I wrote a script that piggybacked off our “which packages are ready to migrate” script, which gave me a percentage of files that had been migrated. I posted this every month.
Towards the end I posted it every time the percentage changed.
Along with that measurement you need milestones - checkpoints along the way to indicate significant achievements in the migration.
Setting milestones not only made us feel like we were getting somewhere, but also helped us communicate our progress to stakeholders in easily understandable terms.
The first app we migrated was a milestone. Migrating our Business Banking web app was another. Migrating BizOps - the biggest app in our repo - was the final one.
By the way, if you’re not setting milestones like these for projects, you should definitely try it. It helps to break down a massive project in much more easily digestible chunks.
Another bend in the road showed up around mid-2023.
By this point we had the whole web discipline working on the migration, but we were still quite a way from the end. We’d hoped to get it done by the end of 2023 but it wasn’t looking likely.
We try to foster an environment where engineers are empowered to turn up to planning and say “By the way, I’m also doing this piece of discipline/maintance work this week” — and plan their squad work to factor that in. Often that’s easier said than done if you’ve got an important external deadline coming up, or perhaps you’re not used to having that kind of say over the work you’re doing that week. Either way, things were moving slowly and there was a risk that we just wouldn’t finish it at all.
We’d been roughly aiming for the end of 2023, but with the support of my engineering director I turned this into a hard deadline. We had to get it finished by the end of the year so that we could be done with it and move on.
We ticketed up the remaining work, breaking down our biggest app into tickets which were then assigned to teams based on code ownership and team size. We then got buy-in from the engineering managers and tech leads of our teams with web engineers, to make sure they brought Typescript tickets into planning.

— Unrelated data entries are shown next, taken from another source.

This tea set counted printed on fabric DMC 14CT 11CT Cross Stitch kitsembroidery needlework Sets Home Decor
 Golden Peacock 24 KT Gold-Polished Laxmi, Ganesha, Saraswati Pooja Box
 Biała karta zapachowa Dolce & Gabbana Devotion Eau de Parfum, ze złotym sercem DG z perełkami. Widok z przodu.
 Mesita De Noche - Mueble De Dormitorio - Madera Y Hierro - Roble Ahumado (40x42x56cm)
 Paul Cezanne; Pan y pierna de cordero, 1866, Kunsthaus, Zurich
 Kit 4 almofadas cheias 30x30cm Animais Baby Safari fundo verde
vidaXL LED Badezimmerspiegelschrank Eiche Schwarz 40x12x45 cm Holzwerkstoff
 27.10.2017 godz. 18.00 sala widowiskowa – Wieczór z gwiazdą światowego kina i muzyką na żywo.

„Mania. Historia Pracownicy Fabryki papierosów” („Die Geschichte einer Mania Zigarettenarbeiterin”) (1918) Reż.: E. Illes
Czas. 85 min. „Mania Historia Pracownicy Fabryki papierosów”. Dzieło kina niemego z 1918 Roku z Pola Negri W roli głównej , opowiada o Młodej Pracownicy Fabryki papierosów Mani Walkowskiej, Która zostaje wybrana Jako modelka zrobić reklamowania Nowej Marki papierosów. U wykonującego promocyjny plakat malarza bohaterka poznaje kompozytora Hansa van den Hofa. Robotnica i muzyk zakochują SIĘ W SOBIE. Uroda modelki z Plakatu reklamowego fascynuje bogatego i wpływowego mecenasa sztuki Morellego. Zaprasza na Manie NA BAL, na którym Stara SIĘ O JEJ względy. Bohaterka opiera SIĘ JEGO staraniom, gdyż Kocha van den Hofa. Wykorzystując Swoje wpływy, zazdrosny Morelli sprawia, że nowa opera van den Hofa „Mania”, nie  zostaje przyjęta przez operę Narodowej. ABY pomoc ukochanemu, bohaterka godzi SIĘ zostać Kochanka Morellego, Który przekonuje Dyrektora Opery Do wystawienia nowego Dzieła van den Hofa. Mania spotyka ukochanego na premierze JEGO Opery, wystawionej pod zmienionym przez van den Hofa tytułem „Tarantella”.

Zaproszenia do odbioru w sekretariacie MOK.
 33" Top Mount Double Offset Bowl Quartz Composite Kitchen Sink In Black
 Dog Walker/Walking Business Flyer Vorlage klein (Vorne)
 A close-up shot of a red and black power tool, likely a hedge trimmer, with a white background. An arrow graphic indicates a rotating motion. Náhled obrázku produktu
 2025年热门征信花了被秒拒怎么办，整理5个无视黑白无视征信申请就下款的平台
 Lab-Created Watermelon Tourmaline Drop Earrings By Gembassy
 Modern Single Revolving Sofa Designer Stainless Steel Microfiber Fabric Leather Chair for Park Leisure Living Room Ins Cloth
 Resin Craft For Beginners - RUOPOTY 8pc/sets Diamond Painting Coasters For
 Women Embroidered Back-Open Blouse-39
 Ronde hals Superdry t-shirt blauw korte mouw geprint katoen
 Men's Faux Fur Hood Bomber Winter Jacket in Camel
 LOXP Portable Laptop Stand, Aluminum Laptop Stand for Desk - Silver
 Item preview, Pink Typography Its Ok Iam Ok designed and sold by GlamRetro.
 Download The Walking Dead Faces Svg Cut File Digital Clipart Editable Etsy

Every month I counted up the tickets remaining for each team, and posted an update with our progress, celebrating the teams who migrated the most that month and giving a percentage.
We reduced the scope of the migration so that we wouldn’t have to migrate every single app to consider it done: only the ones that were worked on most. This means there would be a few apps left in Flow at the end, but they rarely get touched and people could migrate them as and when they needed to.
As we were struggling to get things done, one idea was to strip out all the remaining Flow and leave it with no type system, and then just migrate things as and when we needed to. We’d be able to remove babel if the code was just JavaScript. But ultimately we realised it would’ve taken just as long to do that as it would to just migrate it. Either way you’d have to run a migration script and manually fix errors. So we pressed on.
We didn’t have to get particular buy-in for quite a long time, because at Monzo there’s a certain expectation that there’s maintenance and engineering discipline work that happens alongside squad work. For a long while it was a small group of people doing bits here and there.
Getting buy-in became really important later in the project once we’d proven the potential value, it was obvious that things were progressing slowly, and we knew we had to get things done. Without the backing of senior stakeholders, there was a risk that the work wouldn’t be deemed important enough to actually finish.
My engineering director was a great support - with his backing, other less technical leaders in the organisation were much more likely to let us get on with it.
We brought managers and leadership on board by clearly articulating the problems we were having now, and benefits we were expecting at the end. I made it really clear that we wouldn’t see the majority of these benefits (such as compile time improvements) until we actually finished.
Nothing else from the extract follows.